Sie stöhnt leise und legt den Kopf in die Hände. Der Gedanke tut weh.
Der Gedanke?
Sie stöhnt erneut. »Ich glaube …«, sagt sie erstickt, »ich fürchte … Amma!« Sie legt sich zurück und zieht die Decke über den Kopf.
Sie hört, wie ihre Großmutter geschäftig durch die Küche eilt und den beiden Männern in gedämpftem Ton Befehle erteilt. Töpfe klappern, Wasser rauscht, das Feuer knistert.
Ash ignoriert das Treiben in der Küche und lauscht in sich hinein. Schmerz, aber er ist auszuhalten. Rollt heran, ebbt ab, wie Wellen, wie Wind. Ruhe, dann wieder die nächste Woge. Ein wenig höher als die erste, ein wenig länger, bis sie abzieht. Ash treibt auf den Wellen und genießt den Schmerz, weil er den bösen Tanz ihrer Gedanken unterbricht.
Bei der nächsten Welle kommt sie an die Oberfläche, schnappt nach Luft, sieht in das Gesicht ihrer Großmutter. »Gut, mein Kind«, sagt die Wala. »Du weißt ja, wie es geht.« Sie tätschelt Ashs Hand. Die nickt und taucht unter.

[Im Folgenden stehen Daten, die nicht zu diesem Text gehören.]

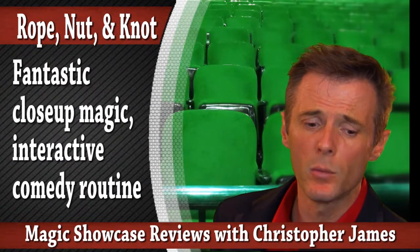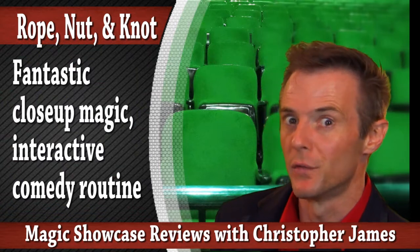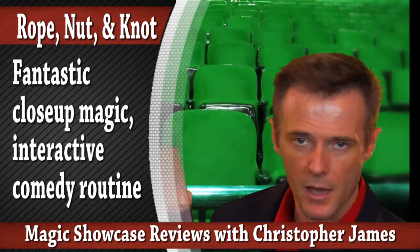Welcome to episode 105 of Magic Showcase with Christopher James. Today we talk about Rope, Nut, and Knot by Giovanni Levera.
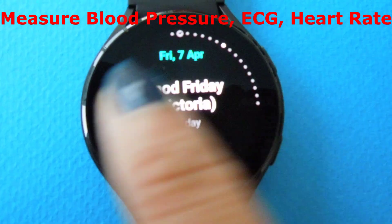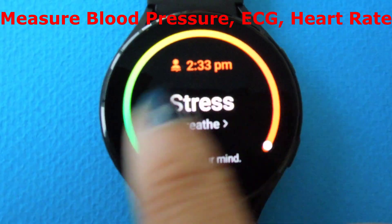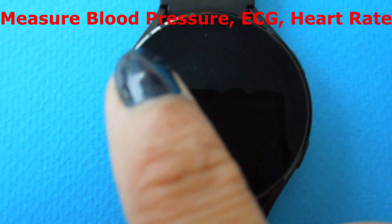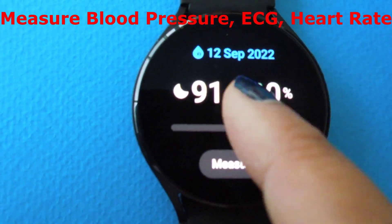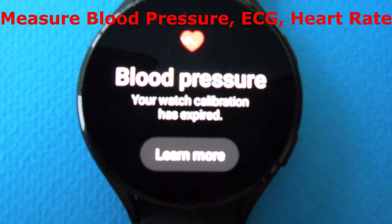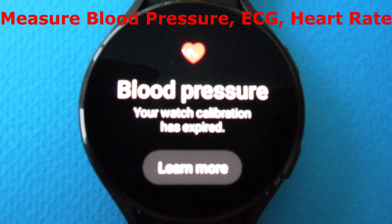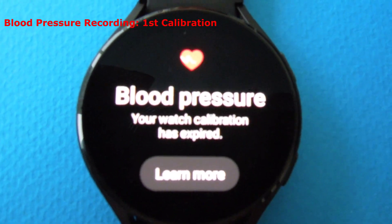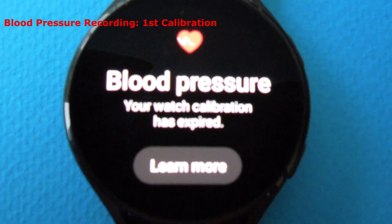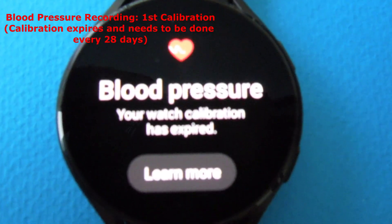To measure blood pressure and ECG, I'm scrolling through my smartwatch to get to the respective screens. Here I'm navigating to the blood pressure screen — this is the screen used to monitor your blood pressure. It's currently saying that my watch calibration has expired.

Irgendwann flaut es ab. Eine Weile dümpelt sie wie ein leerer Kahn auf leicht bewegtem Wasser. Taucht auf. Sieht, dass es Nacht ist. Jemand sitzt an ihrem Lager und wacht.
»Luzifer?«, fragt sie.
»Mac«, erwidert der Mann. »Luzifer ruht sich aus.« Er beugt sich über sie und sie riecht Pfefferminz. Lächelt.
»Ihr seid immer noch nicht eins?«, fragt sie benommen. Es ist gut, sich über etwas zu unterhalten, nicht denken zu müssen. Gleich muss sie darüber sprechen, aber jetzt noch nicht, nicht jetzt.
Mac legt die Füße hoch und kratzt sich an der Nase. »Es ist manchmal ganz praktisch, sich aufzuteilen«, sagt er. »Im PLAN heißt es: Der Alte schläft nie.« Er grinst.
»Schön«, sagt sie und ächzt. Eine kleine Woge, nichts Besonderes. Trotzdem ist es angenehm, seine Hand halten zu können, sie fest zu drücken.
»Mac«, sagt sie. Nun muss es sein, später kann sie es vielleicht nicht mehr. »Wir müssen uns abstimmen. Ich brauche euch beide, wenn das Kind da ist.« Sie atmet. Ringt mit der Angst. Der beruhigende Druck seiner Finger lässt die Panik abflauen.
»Du hast mit Luzifer darüber gesprochen«, erwidert er.
»Ja.« Sie leckt sich über die trockenen Lippen und nimmt dankbar den Becher entgegen, den er ihr reicht. »Werdet ihr es tun? Versprecht ihr es mir?«
»Wir sind deine Paladine, Hohe Frau. Wir folgen deinem Befehl«, sagt er, aber unter dem scherzhaften Ton liegt düsterer Ernst.
Ash nickt, schließt die Augen. Wie schrecklich. Wie kann sie so etwas Grausiges von ihren Freunden verlangen?
»Ihr werdet es tun«, flüstert sie. »Sagt es mir nicht. Sagt mir nicht, was … Tut es einfach. Tötet das Kind.«
Mit dem Druck seiner Finger schläft sie ein.
Sie schreit. Es war noch nie so schmerzhaft, es hat noch nie so lange gedauert. Sie schreit, bis sie zu schwach dazu ist, dann wimmert sie nur noch. Sie hört, weit entfernt, die strenge Stimme der Wala. Sie spürt ihren festen Griff. Sie wimmert, will, dass es vorüber ist, endlich vorüber. Besorgte Gesichter, die sich über sie beugen. Sie blinzelt den Schweiß aus den Augen. Jemand wischt ihr mit einem feuchten Tuch über das Gesicht.
Dann hört sie ein Kind schreien, schrill, jämmerlich.
Sie versinkt in wohltuendes Dunkel. Luzifer wird sich um alles kümmern. Sie will nicht dabei sein.
Sie erwacht. Morgenlicht. Sie liegt in ihrem Bett, das frisch und sauber duftet. Am Fenster sitzt Ravi. Er sieht, dass sie erwacht und springt auf, kommt zu ihr.
»Sag es mir«, flüstert sie benommen. »Habt ihr es …?«
Ravis Miene ist nicht zu deuten. Er schüttelt den Kopf. »Er konnte es nicht tun«, sagt er.